It’s taken me a really long time to reject the concept of a predetermined timeline that a human life should have. I’m still not sure that I’m quite “there”. While deep down I believe that not following the path that the majority of my peers seem to be taking will lead to a life that suits me well and that I wholeheartedly love, it’s difficult to not let surface-level anxieties and insecurities control my actions and pull me back. I often find myself stuck in a mental game of tug-of-war between who/what I want to be (or at least what I think I want to be) and who/what I feel like the world around me tries to push me to be.
I’ve spent a lot, even most, of my teenage years watching others my age move “forward” and meet milestones that I thought I too would accomplish. Most of my classmates identified their key interests, completed grade 12 in one year, graduated at 17/18, began driving, and went on to post secondary school immediately after. I’ll be the first to admit that I’ve shed hours worth of tears over each of these moments as I watched them pass me by. While so many my age were gearing up for the next phase of their lives, I’ve spent a lot of time simply trying to stay alive and functional. A life spent largely in hospital does not leave much room for basic humanity, much less lofty long term goal setting and pursuing complex interests. Due to so much time spent out of school I had to spend an extra year completing a final course, a course for which I ultimately still submitted my final project from a hospital bed, mere weeks before I was due to move hours away to attend university.
Once at university, I maintained the expectation that while I hadn’t before, I could now stay on a standardized path, that with enough hard work I could fit the mold that my new school expected of me. My school reinforced my own toxic beliefs, leading me to believe that the only way to a successful career was through their rigid rules, regardless of personal cost. I was not able to meet their expectations, and my attempts only led to anxiety and constant illness. Cue more tears and anger, both at myself for “failing” and the institution that was supposed to be helping me learn, yet who’s rules put up endless roadblocks to meeting my goals. Cue more screaming that it simply wasn’t fair that I couldn’t seem to meet many milestones in my young adult life that my peers appeared to do with ease.
One of the best choices that I have made to date was to realize that my surroundings were working nearly entirely against me instead of with me in pursuit of my goals, and remove myself from them. I have since allowed myself the space to know myself outside of institutions, be it hospitals or schools. I have since allowed myself to figure out who I want to be, and how I want to become it; not what a board of executives dictates I should be and do.
Severe illness does funny things to your perspective; all of a sudden the little details matter so much more, and the parts of your life that seemed so important become nearly arbitrary.

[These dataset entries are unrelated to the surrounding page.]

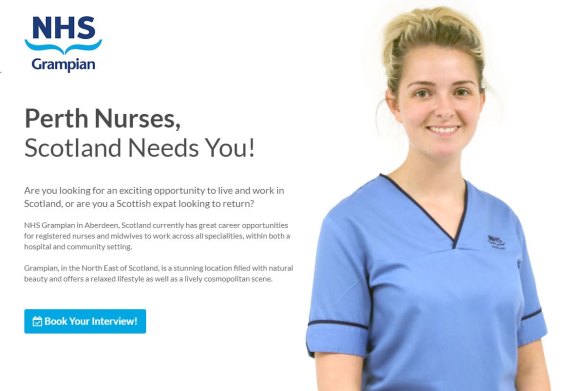 NHS Grampian is recruiting Perth-based registered nurses and new graduates for its Aberdeen location.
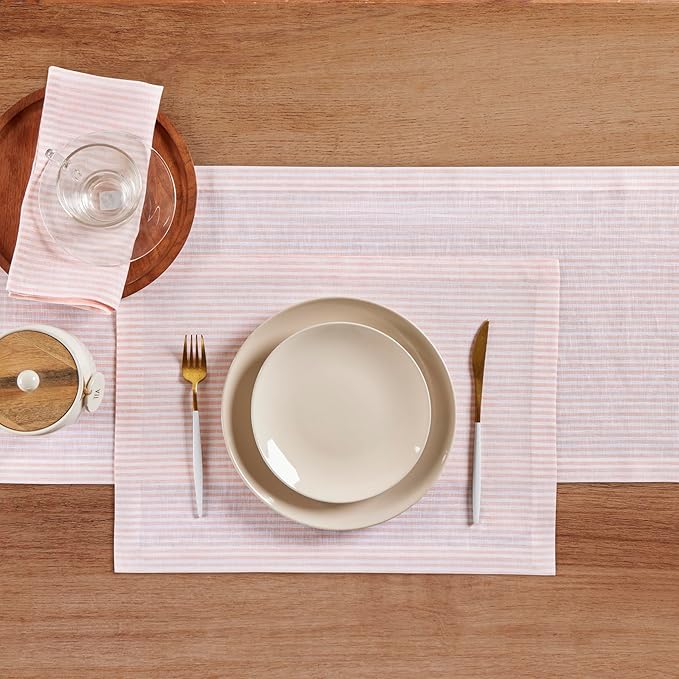 Solino Home Linen Table Runner 90 Inches Long - Narrow Stripe, 100% Pure Linen Peach and White Farmhouse Table Runner 14 x 90 Inch for Dining, Valentines, Spring, Easter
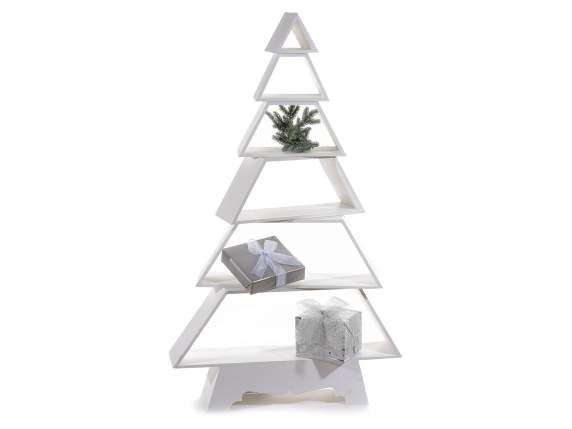 Christmas tree in white wood with 6 shelves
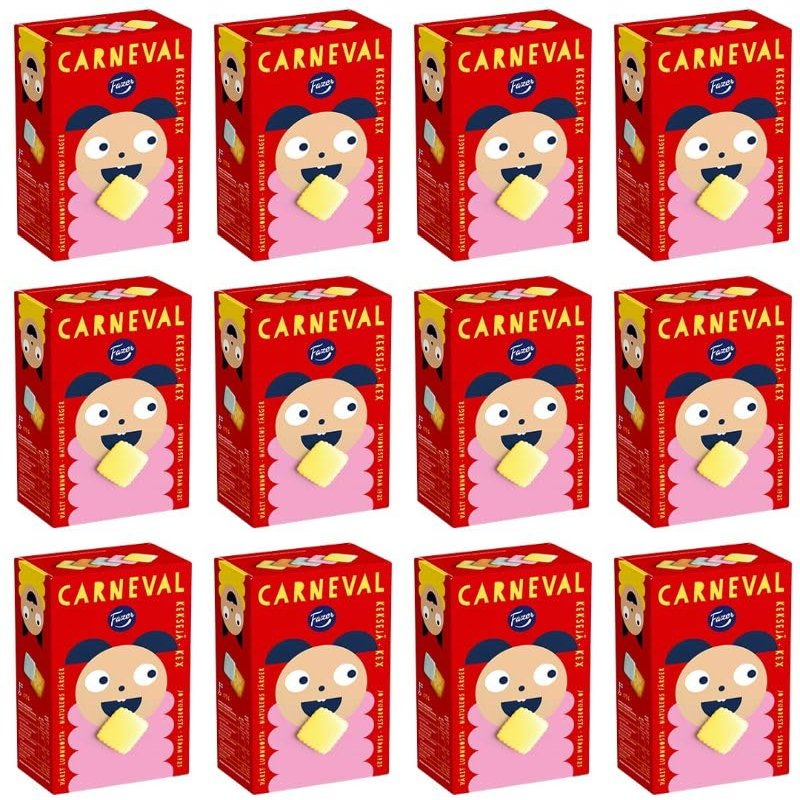 Fazer Carneval Original Biscuits 12 Boxes of 175g 74.4oz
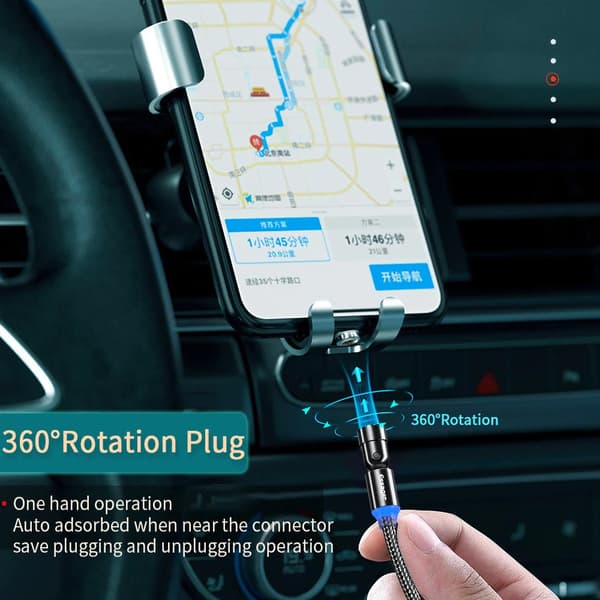 540° Magnetisk laddkabel som passar alla dina enheter 3-i-1 Micro-USB, Typ-C, iPhone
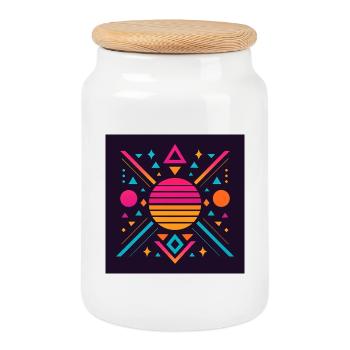 Motif géométrique Synthwave - Boîte à biscuits avec couvercle en bois - blanc - Devant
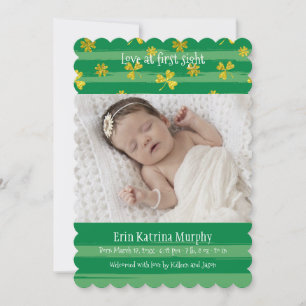 Gold Shamrocks Photo Birth Announcement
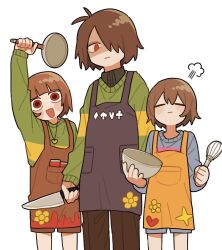 Rule 34 | 3others, :d, :|, = =, androgynous, antenna hair, apron, arm up, black apron, blue sweater, bowl, brown apron, brown hair, brown pants, chara (undertale), child, closed eyes, closed mouth, cowboy shot, crazy eyes, deltarune, expressionless, floral print, frisk (undertale), frying pan, green sweater, hair over one eye, heart pendant, highres, holding, holding bowl, holding frying pan, holding knife, holding whisk, in-franchise crossover, knife, kris (deltarune), long sleeves, looking at another, looking at viewer, multiple others, no nose, one eye covered, open mouth, other focus, outstretched arm, pants, pocket, puff of air, red eyes, shaded face, short hair, simple background, smile, standing, sweater, tadeno, undertale, whisk, white background, yellow apron
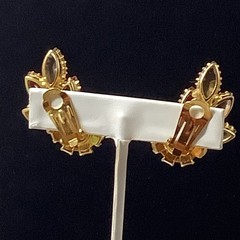 D&E Juliana Pink Givre Earrings Crystals Climber Gold Tone 1.75″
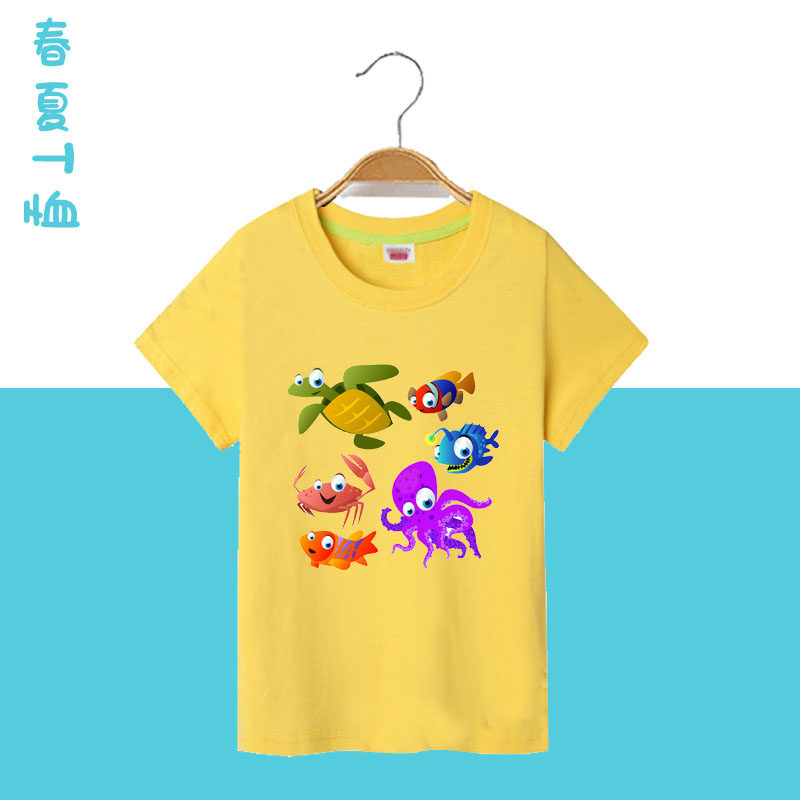 儿童纯棉短袖T恤男女童鲸鱼半袖学生亲子演服装 海豚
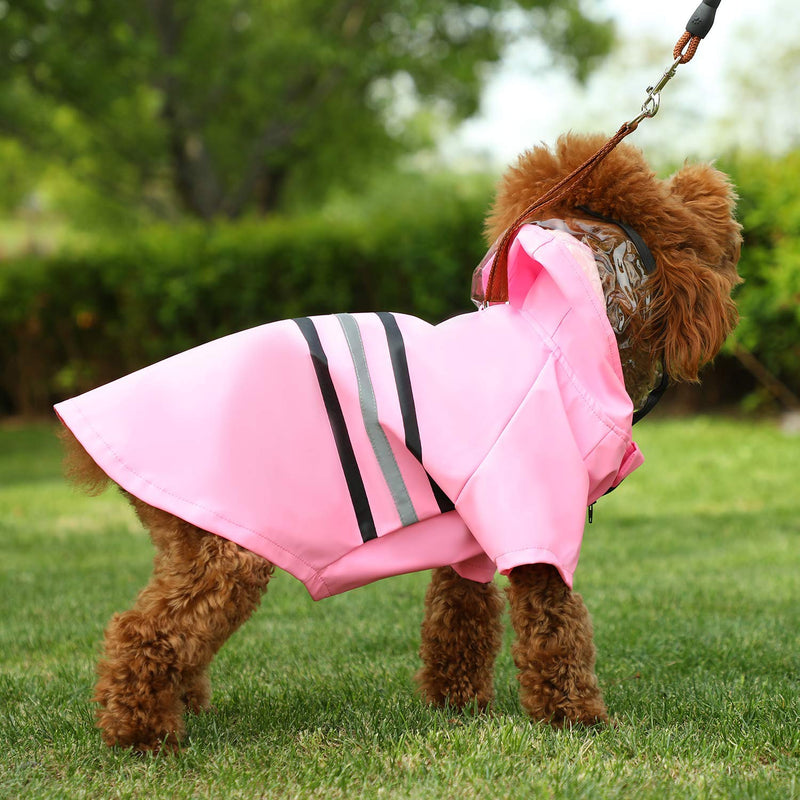 Wizland Dog Raincoat Dog Rain Jacket with Hood Lightweight Waterproof Jacket X-Small to XX-Large Dogs and Puppies Medium Blushing - BeesActive Australia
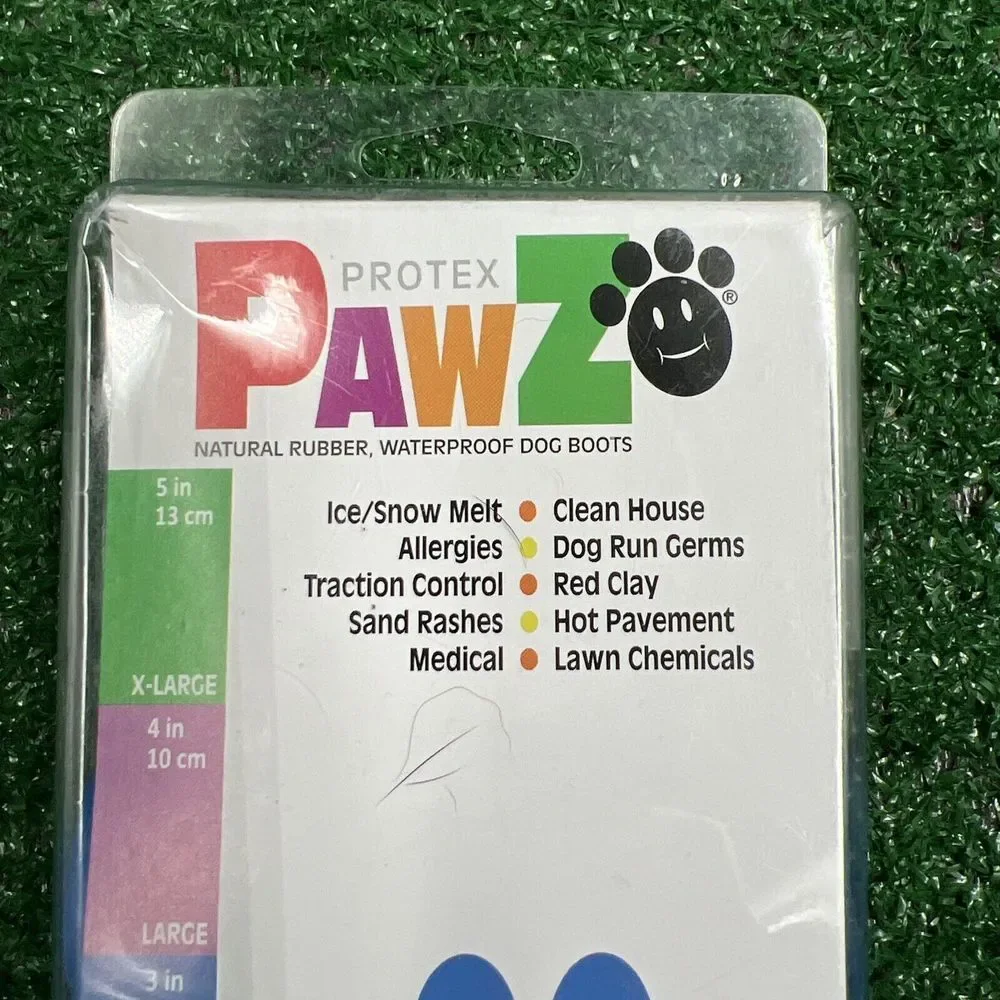 Protex Medium Blue Rubber Dog Boots‎ Reusable Waterproof New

The prestige of a post secondary education matters far less to me than it used to; as long as I can create and I can live an otherwise relatively financially secure life, I nearly don’t care what my educational background looks like. My life has taken countless infinitely frustrating turns that I had no control over, yet in that frustration I am finding peace, and opportunities that I would never have imagined. Maybe I’ll head back to post secondary, maybe I won’t. For now, I’m pursuing education in my own individual ways, and finally enjoying this wild ride, having accepted that I can’t force nor anticipate the turns and the drops. Hey, maybe the best moments happen when you finally let go of some control.